I mostly missed this whole Countrywide data theft scandal, but I’m catching up! As Rothman pointed out:
…Rebollo told special agents that he knew most computers in the office had a security feature that disabled the use of a thumb drive. However, he discovered that one computer didn’t have this feature.
There are two possibilities here, the latter of which I might think is the real reason.
1. The system simply got skipped/missed. Repeatedly. Over the course of two years. I’d have to call bullshit on this one unless their IT is inept or dangerously overworked.
2. Someone, somewhere complained about the inability to use thumbdrives to move data, most likely involving a client or VP/exec.
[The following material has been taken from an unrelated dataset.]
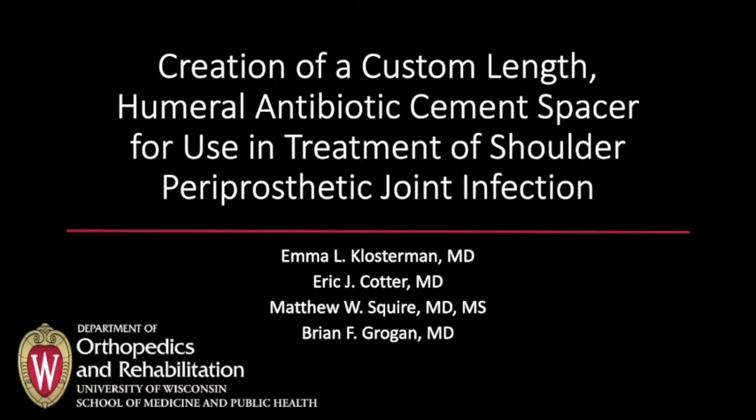This video demonstrates a technique for creation of a custom-length humeral antibiotic cement spacer for management of shoulder periprosthetic joint infection.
So IT set up a special system that was exempt from the security measures but still allowed on the network, because business wanted that convenience.
I really like what Rothman said in his post:
And there you have it. The weakest link is always the one that gets nailed. Moreover, the policy isn’t worth the paper it’s written on, if it’s not enforced. Seriously. Countrywide gets an A for preventative controls. But they get an F for implementation. As my friend told me when I was trying to sell my house, “it only takes one.” I guess Countrywide gets that now too.
And that is why we will continue to need people to watch logs, alerts, and make sure every device is accounted for. Getting “most” of them is simply not a sustainable security approach.
Oh, and if you want to know the best ways to get around security controls in a business, interview the average employees. They find the ways, unbeknownst to non-monitoring IT/security teams.